ZEIT DEBATTE Jena 2011 Nachlese 1
„Sie haben Ihr Ziel erreicht!“ – Die von zahlreichen Staus geplagten Debattanten aus Tübingen und Aachen waren sicherlich froh, als sie endlich diesen Spruch bei der Grenzüberschreitung nach Thüringen lesen konnten. War die Anreise zur ZEIT DEBATTE Jena 2011 noch beschwerlich und das Schlafdefizit groß, so können beide Clubs jedoch positiv über das Turnier in der „Lichtstadt“ an der Saale berichten.
Auf der Turnierwebseite hat die Debattiergesellschaft Jena (DGJ) das Tab zur Verfügung gestellt. Außerdem gratulieren die Jenaer den Tübingern Steffen Jenner, Simon Lehle und Sarah John zum Doppel-Sieg, da Simon ebenfalls zum besten Redner gekürt wurde. Weiterhin heißt es:
„Wir hoffen, dass das Wochenende für euch unvergesslich bleibt, genauso wie für uns. Es war uns eine Freude, so viele Teams wie noch nie in Jena zu Gast zu haben. Auf ein Wiedersehen auf der Deutschen Debattiermeisterschaft 2011 in Heidelberg.
[…] In Kürze folgen die Bilder und die Aufzeichnung des Finales, damit ihr euch es noch einmal angucken könnt.“
Die Streitkultur Tübingen kann es kaum glauben, dass Steffen, Simon und Sarah den Sieg im Wartburg-Turnier in den OPD-Club holen konnten. Stand der Verlauf des Turniers zunächst für beide Teams unter keinem guten Stern, so konnten sich die tapferen Debattanten von Streitkultur I durch eine Kehrtwende doch noch ins Halbfinale reden. Dort sollten sie dem Aus ins Gesicht blicken, aber es kam alles anders:
„Zur diesjährigen ZEIT-Debatte in Jena, die vom 21.-23. Mai stattfand, entsandte die Streitkultur [Tübingen] Peter Croonenbroeck als Juror sowie zwei Teams (Marie Rulfs, Stephan Geyer und Thomas Schröter sowie Steffen Jenner, Simon Lehle, der für die verletzte Thea Nesyba eingesprungen war, und Sarah John), um den begehrten Glaspokal ins heimische Tübingen zu holen. Die Ambitionen waren hoch; galt es doch, im exotischen ‚Wartburg-Format‘ den Titelgewinn von 2009 zu verteidigen.
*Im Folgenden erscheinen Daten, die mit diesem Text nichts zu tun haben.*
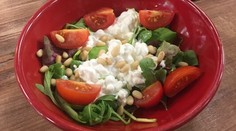 Svieži šalát s cottage cheese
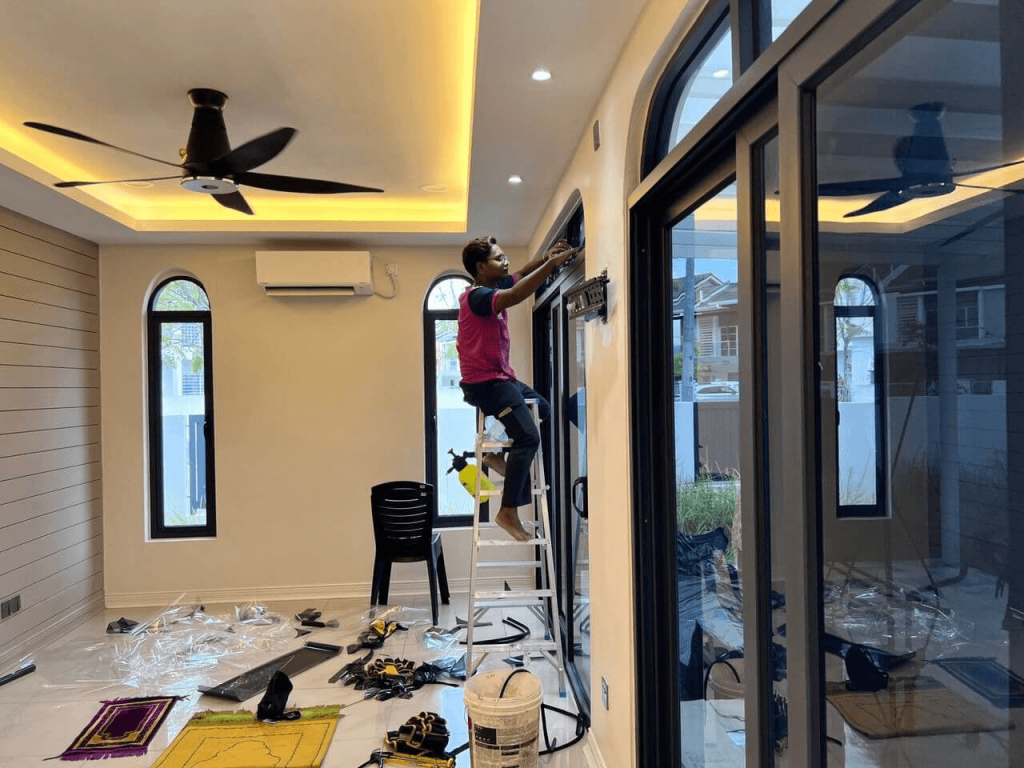 94-1 - TINTED WINDOW GLASS FILM PUCHONG SPECIALIST THE BEST DEAL TIPS FOR WINDOW TINTING PUCHONG UTAMA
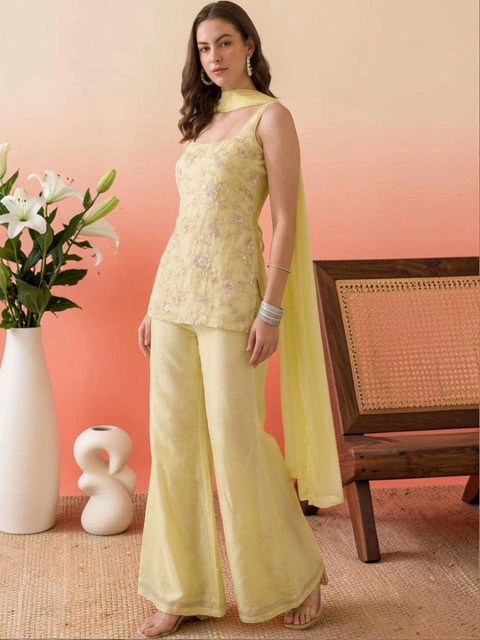 Panzora Women Floral Embroidered Regular Thread Work Kurta with Palazzos & With Dupatta - Image 5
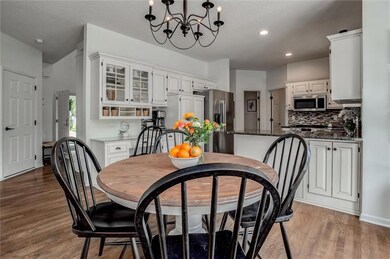 19713 W 97th St, Lenexa, KS 66220 - photo 6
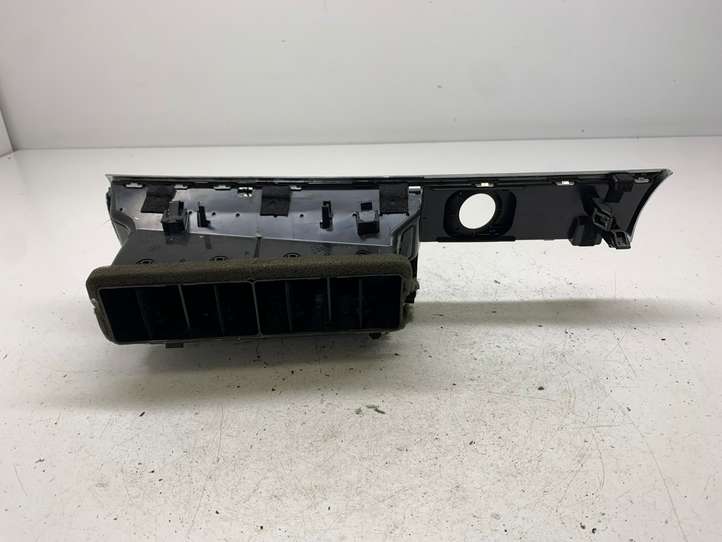 Audi A6 (2004 - 2008)  4F1820951 Центральный дефлектор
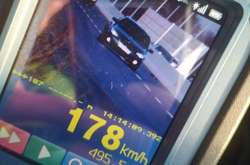 Майже 180 км/год. У Києві патрульні оштрафували «шумахера» на BMW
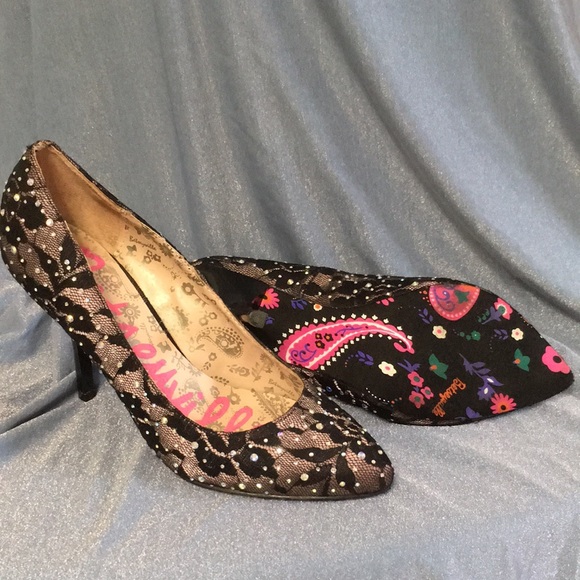 Betsey Johnson Shoes - 💐 🌟HOST PICK🌟 Betseyville Lace-covered High Heel Pumps Sz 7 Black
Insgesamt sollten bei diesem Turnier beachtliche 28 Teams um den Sieg ringen.
Nach entbehrungsreichen sieben Stunden auf der Autobahn (gefühlte zwanzig Staus inklusive) erreichten die beiden Teams schließlich doch noch rechtzeitig die ostdeutsche Provinz-Metropole. […]
Der Samstag wartete mit einem echten ‚Hammer‘-Programm auf, welches den völlig übermüdeten Tübinger Streitknechten alles abverlangte. […] Das Vorrunden-Tab verhieß denn auch nichts Gutes: Nach vier von fünf Vorrunden lag Streitkultur II (Thomas, Marie, Stephan) auf Rang 17, für Streitkultur I (Steffen, Simon, Sarah) sah es mit Rang 14 nicht viel besser aus. Das Halbfinale, welches naturgemäß nur vier Teams erreichen sollten, war in weite Ferne gerückt.
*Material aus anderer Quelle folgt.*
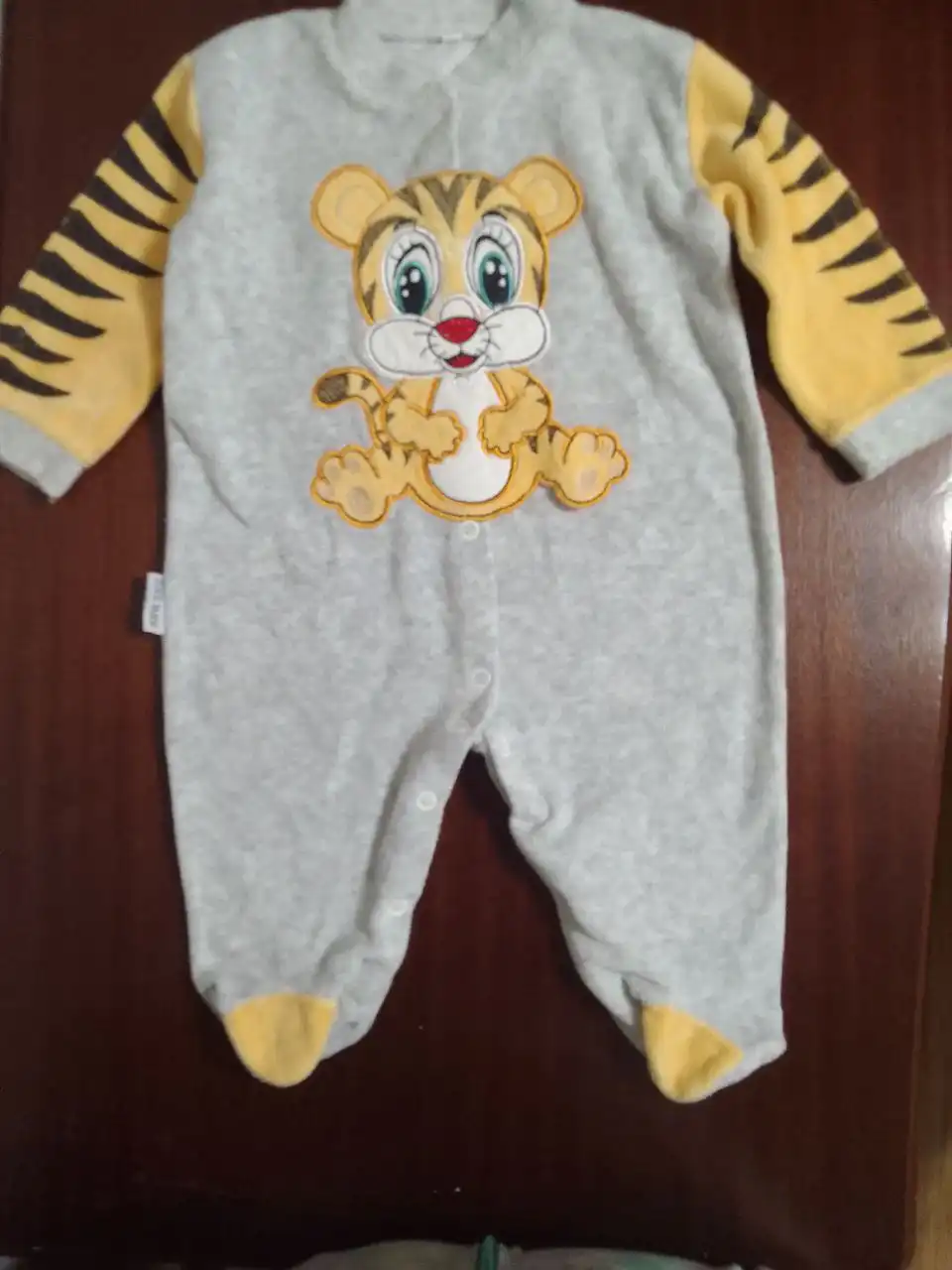 Велюровый комбинезон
Die Stimmung ließ sich davon nicht schmälern, und beim festlichen Buffet am Abend (vielen Dank Euch nochmals gesondert hierfür, Jena!!) wurde der Ausklang des Turniers genossen. Dann, mit der Breakverkündung, die Überraschung: Streitkultur I hatte mit beinahe unglaublichen 213 Punkten, der vernehmlich höchsten jemals von einem Team in diesem Format erzielten Punktzahl, das Unmögliche möglich gemacht und sich mit einem Satz um zehn Ränge auf Platz 4 vorgeschoben! Die Tübinger Freude war groß und konnte nicht einmal durch die Tatsache erschüttert werden, dass man nun gegen Lukas Haffert und die wackeren Leipziger Debattantinnen Teresa [Peters] und Wiebke [Nadler] würde antreten müssen – das mit deutlichem Vorsprung auf Rang 1 liegende Team würde das Ende des Streitkultur-Ausflugs bedeuten, da waren sich viele Beobachter einig.
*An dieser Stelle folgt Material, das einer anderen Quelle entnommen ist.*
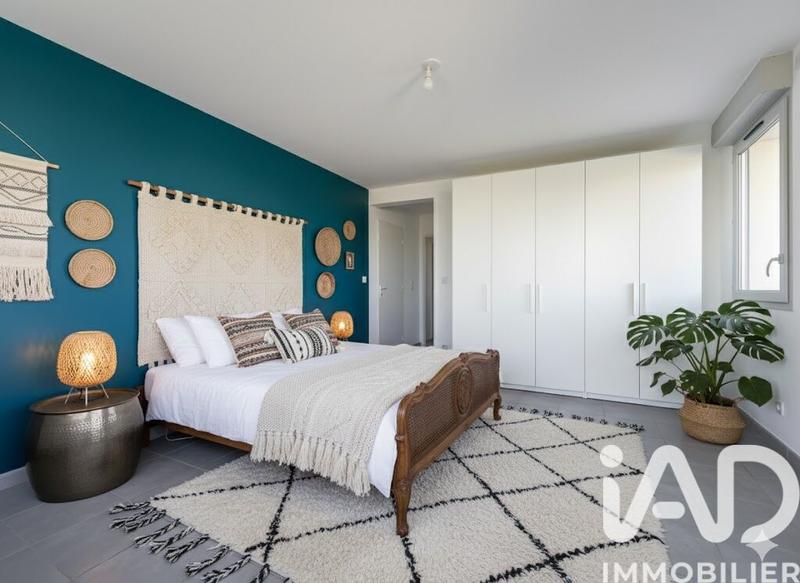 Appartement - 119 m² - 6 pièces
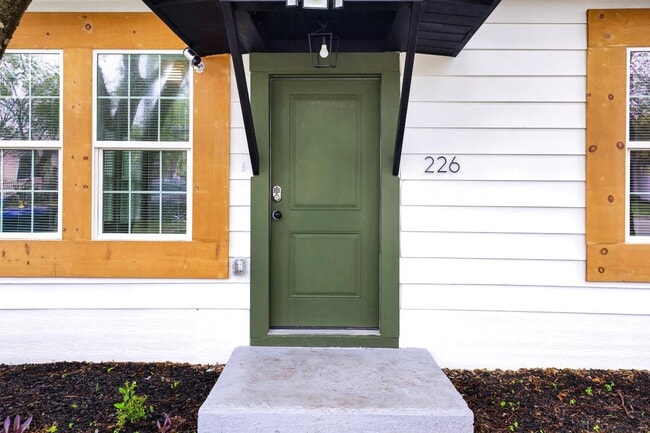 Building Photo - 226 Porter St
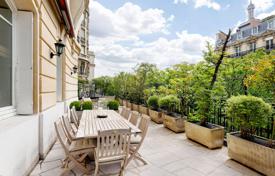 Apartments for sale in Paris. Paris 16th District – A sublime 272 m² apartment with 100 m² terraces Apartments for sale in Paris. Paris 16th District – A sublime 272 m² apartment with 100 m² terraces
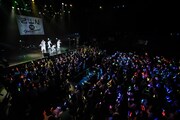 ZEN THE HOLLYWOOD「三浦海里卒業ライブ燃え盛れブルーファイヤー」東京・赤坂BLITZ公演の様子。（撮影：釘野孝宏）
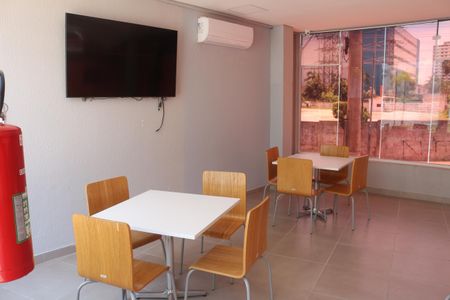 Apartamento para alugar com 65m², 2 quartos e 2 vagasÁrea comum - Salão de festas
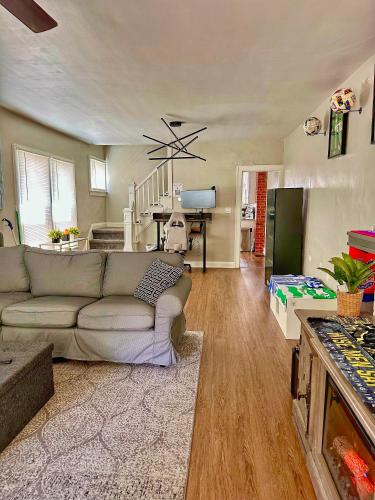 Modern Luxe 3BR 1BA with Bar 9 in Columbus, United States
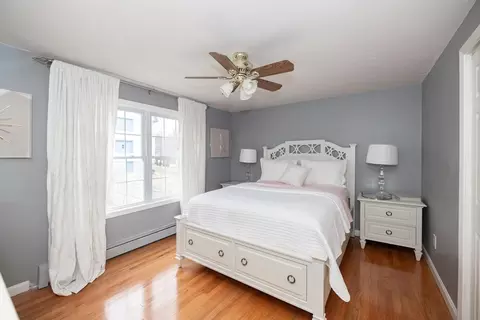 Bedroom - 93 Kenberma Rd, Worcester, MA 01604 photo 2 of 4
Um wenigstens eine würdige Performance zu bieten, hielt sich Streitkultur I an diesem Abend mit dem Feiern (zumindest für Tübinger Verhältnisse) zurück. Pläne zur Strategie wurden ent- und wieder verworfen; am Ende kristallisierte sich heraus, dass man nur über eine solide Teamline würde gewinnen können. Und so geschah es: Beim Thema ‚Die Europäische Idee ist gescheitert, wenn der Euro fällt‘ vertrat Tübingen die Contra-Seite und setzte sich mit der Argumentation, die Europäische Idee könne auch ohne Euro weiterbestehen, durch. […]
Schließlich kam es zum finalen Showdown: Vor 250 Zuschauern sollte die These ‚Man darf ein Leben töten, um viele zu retten‘ debattiert werden, Streitkultur I war der Contra-Seite zugelost worden. […] Am Ende war das Ergebnis eindeutig: Die sieben Juroren sahen Tübingen mit 201 zu 173 Punkten vorn, Streitkultur darf sich damit alter und neuer Wartburg-Gewinner nennen! Die Ehrenjury zeichnete außerdem Simon Lehle als besten Redner des Finales aus.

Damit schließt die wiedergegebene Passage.